§ **WHAT IS NEEDED**
Exactly as written, retype the lines that run from the line holding "Hoofdafbeelding Porsche Panamera" through the end of the records below. Do not include pictures.

§ **Scraped caption text data**
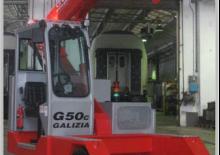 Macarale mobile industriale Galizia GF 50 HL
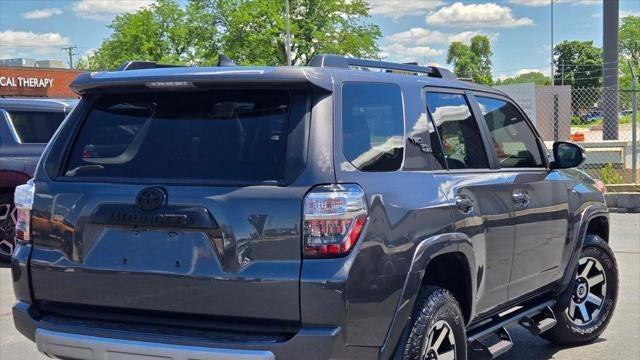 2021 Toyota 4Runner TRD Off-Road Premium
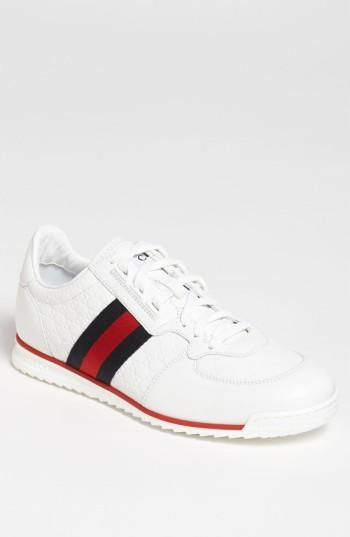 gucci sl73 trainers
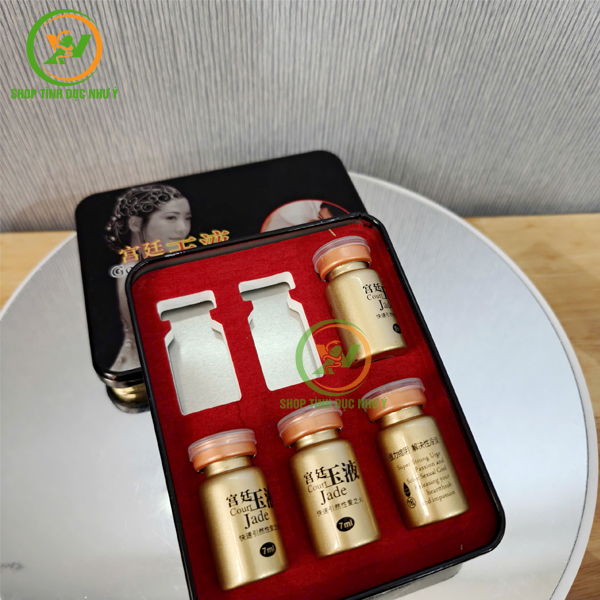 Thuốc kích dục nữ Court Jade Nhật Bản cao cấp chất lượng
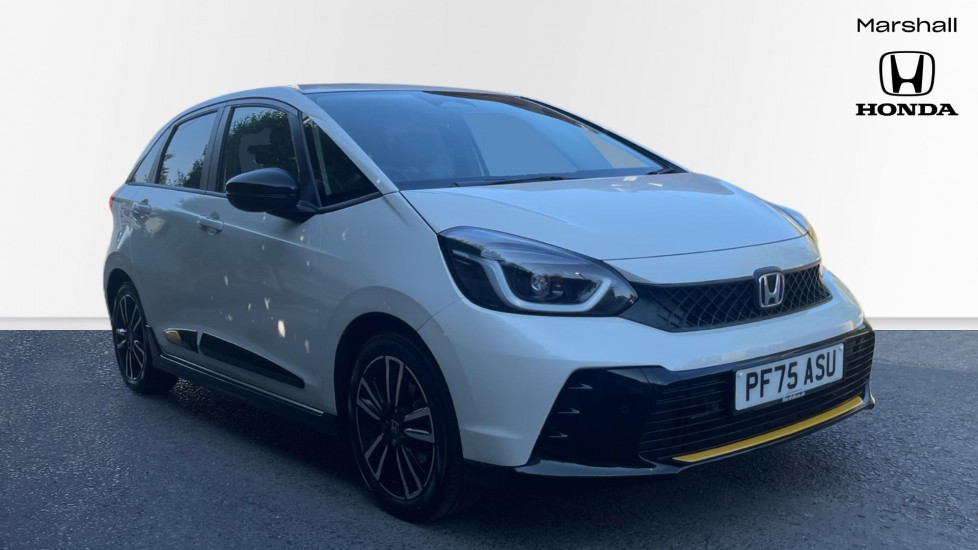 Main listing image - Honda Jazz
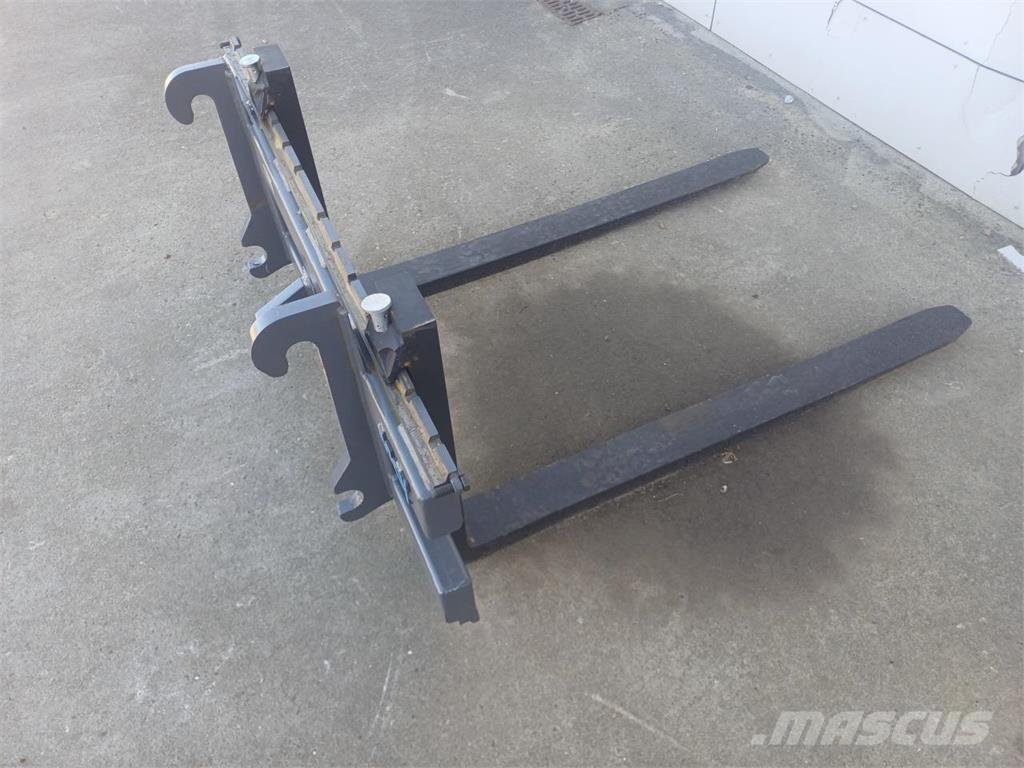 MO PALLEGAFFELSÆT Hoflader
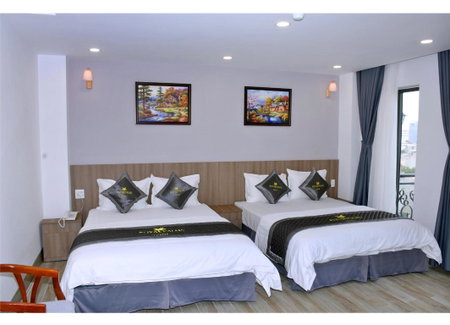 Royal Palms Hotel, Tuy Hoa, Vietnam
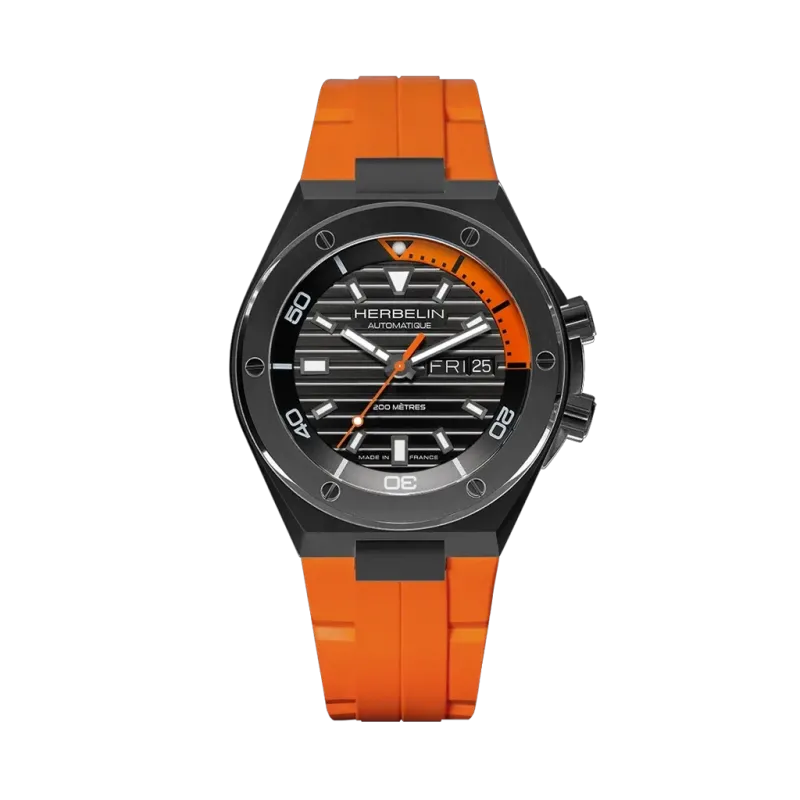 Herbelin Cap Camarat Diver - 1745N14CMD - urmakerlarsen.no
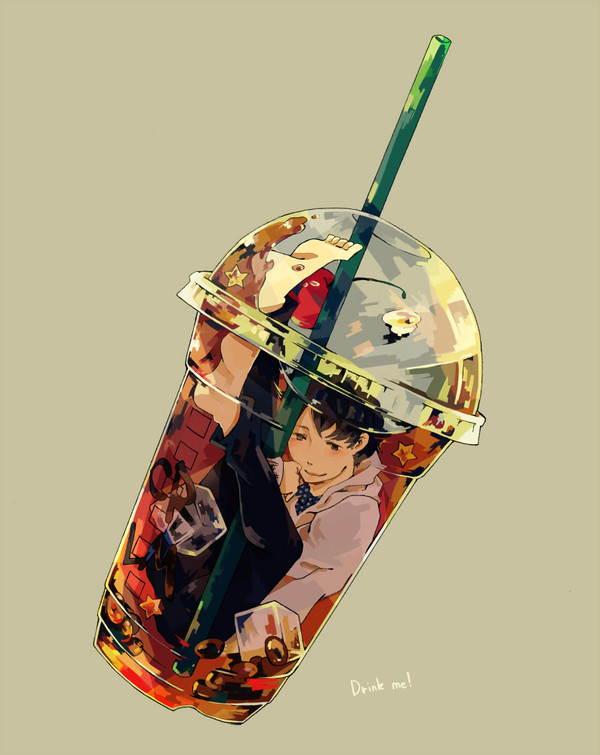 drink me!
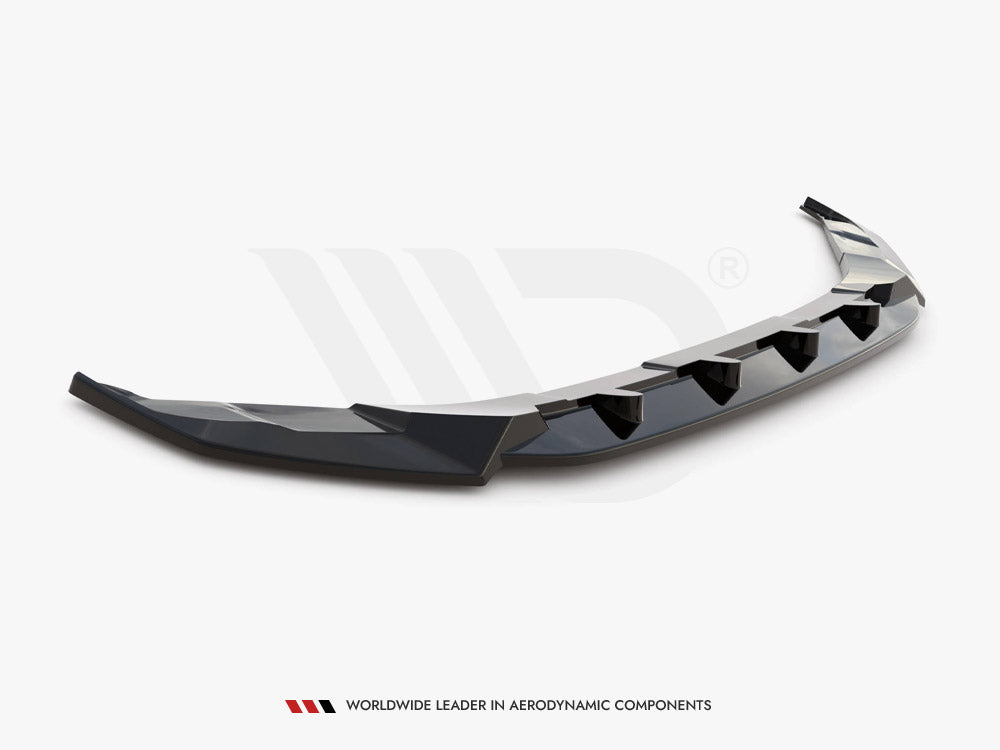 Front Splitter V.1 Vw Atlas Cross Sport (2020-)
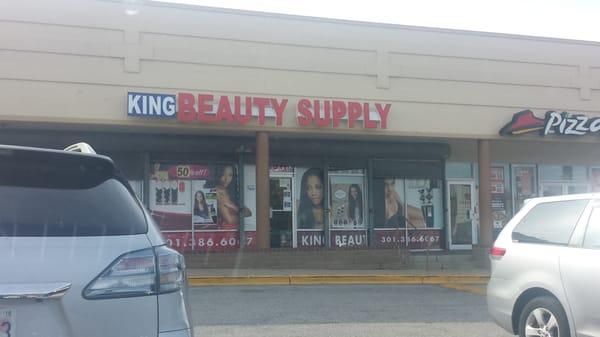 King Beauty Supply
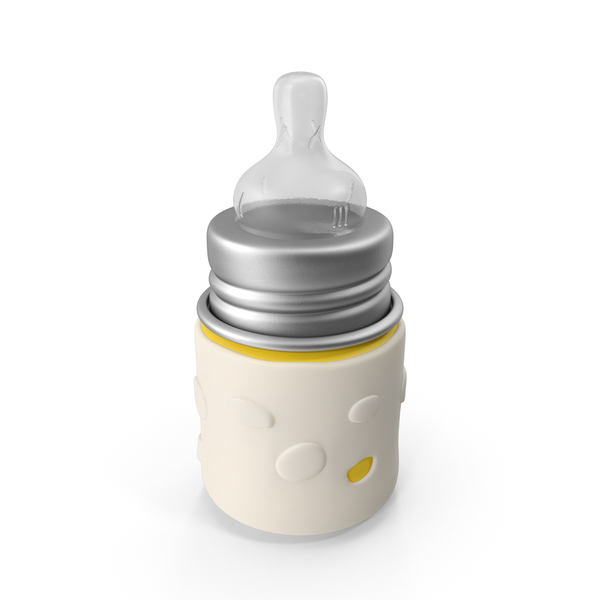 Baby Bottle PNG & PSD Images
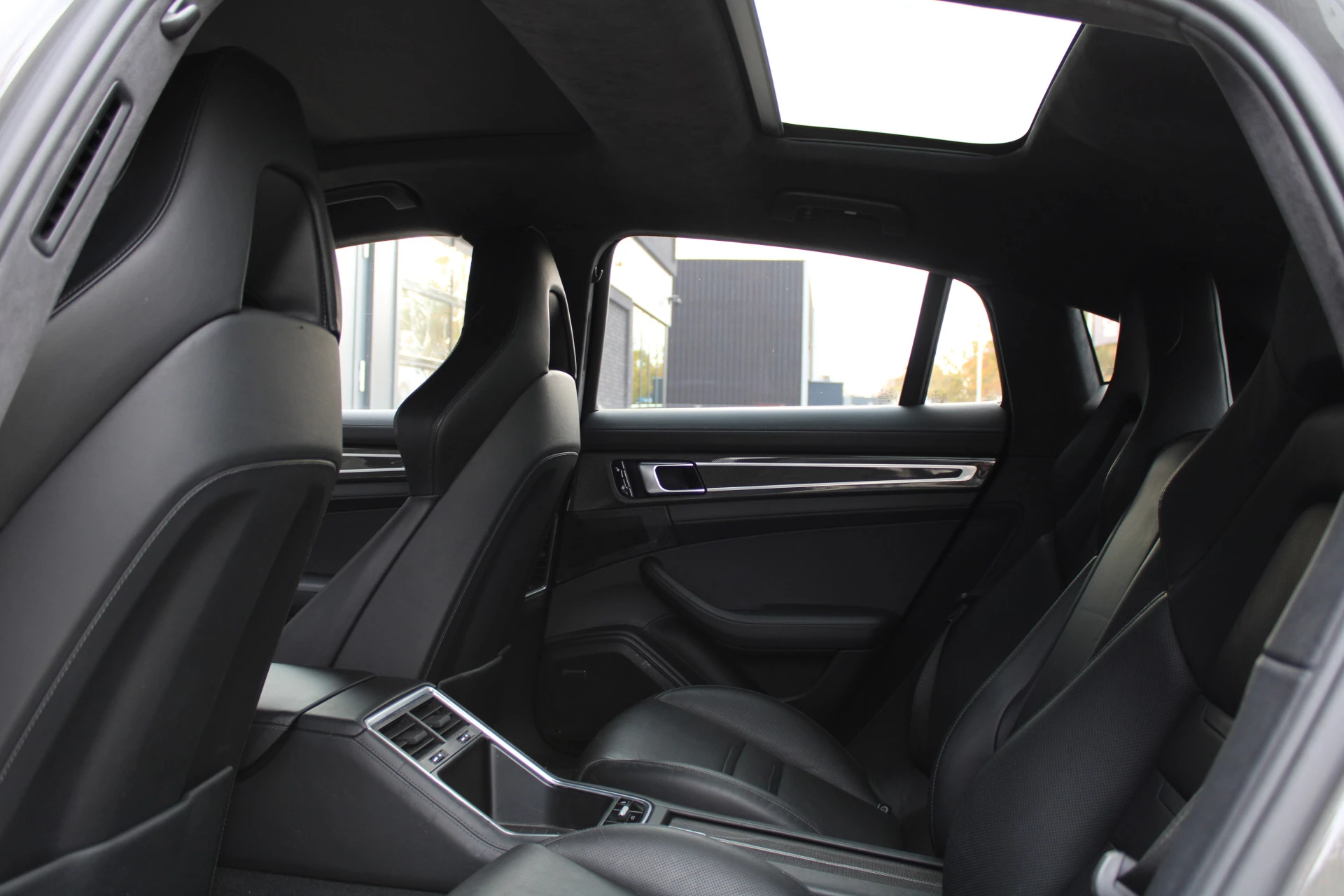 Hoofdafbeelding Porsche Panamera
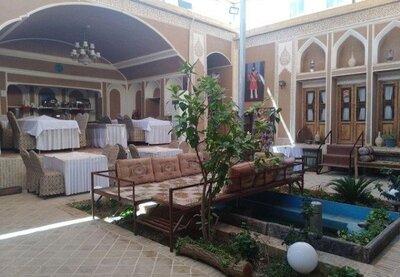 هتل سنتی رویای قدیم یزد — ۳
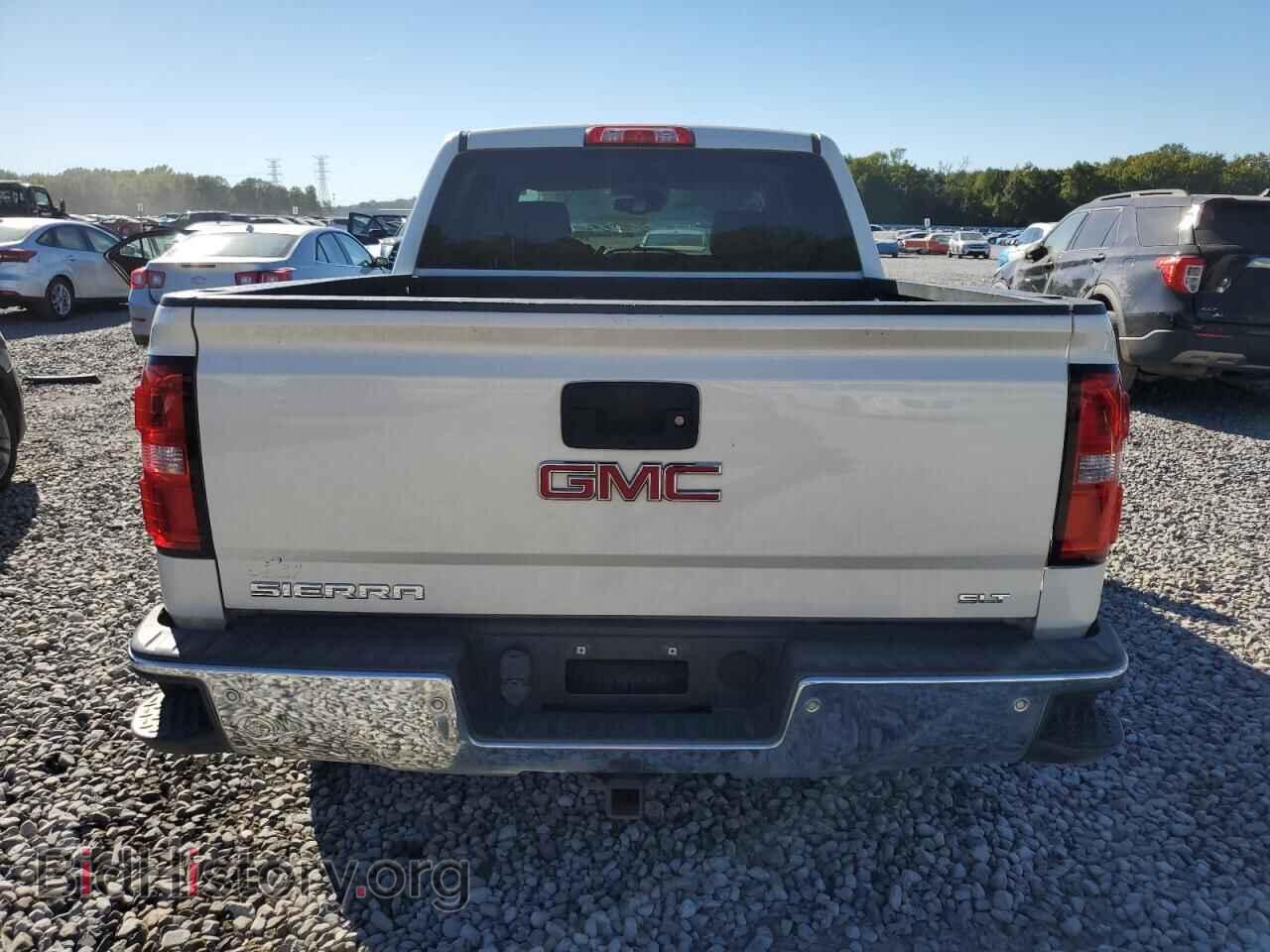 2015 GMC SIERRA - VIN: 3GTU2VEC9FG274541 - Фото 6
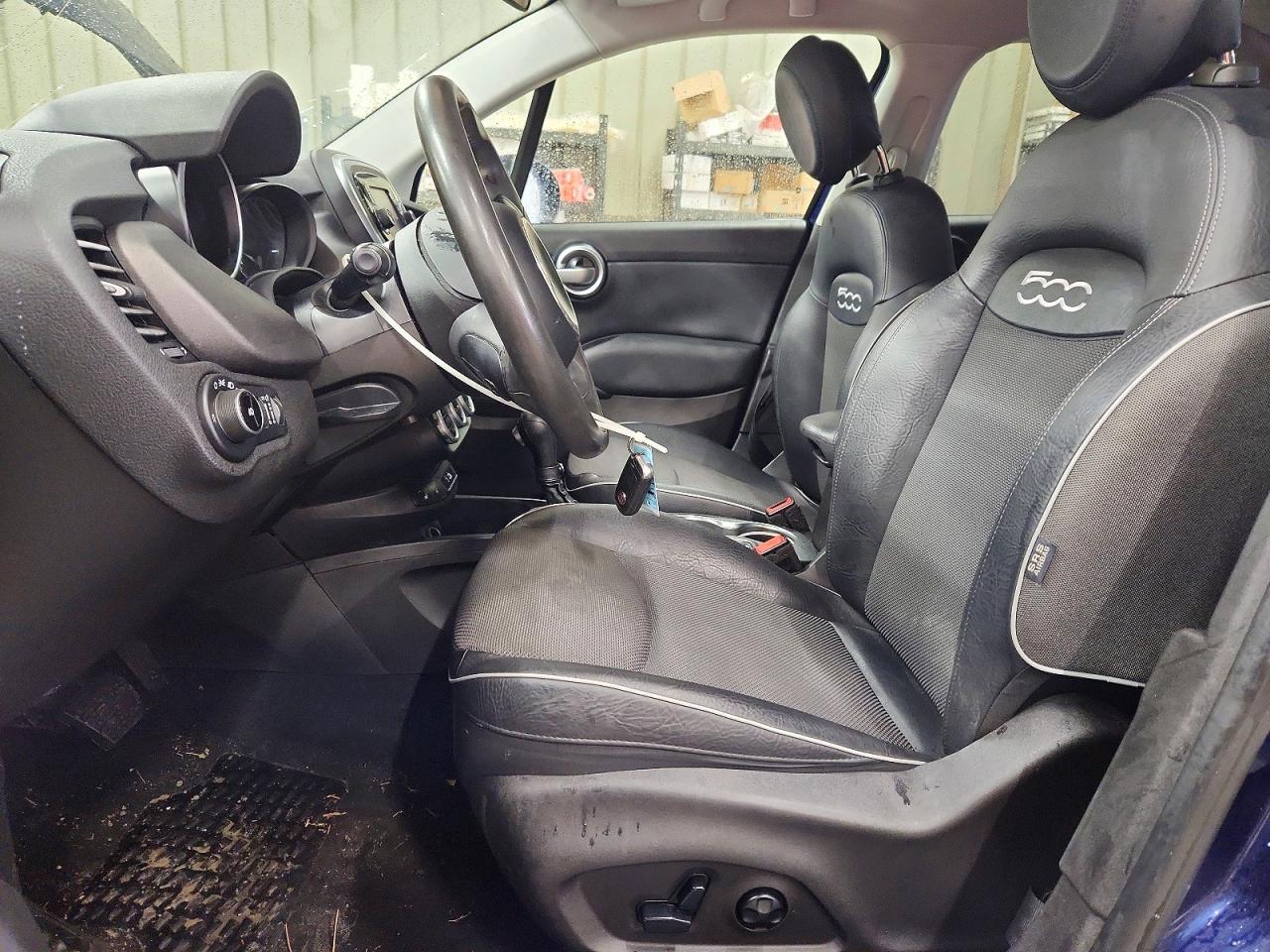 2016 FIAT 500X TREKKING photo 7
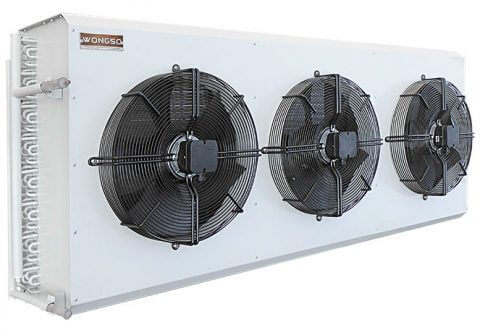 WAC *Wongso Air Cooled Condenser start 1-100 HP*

§ **TASK ANSWER**
 Hoofdafbeelding Porsche Panamera
 هتل سنتی رویای قدیم یزد — ۳
 2015 GMC SIERRA - VIN: 3GTU2VEC9FG274541 - Фото 6
 2016 FIAT 500X TREKKING photo 7
 WAC *Wongso Air Cooled Condenser start 1-100 HP*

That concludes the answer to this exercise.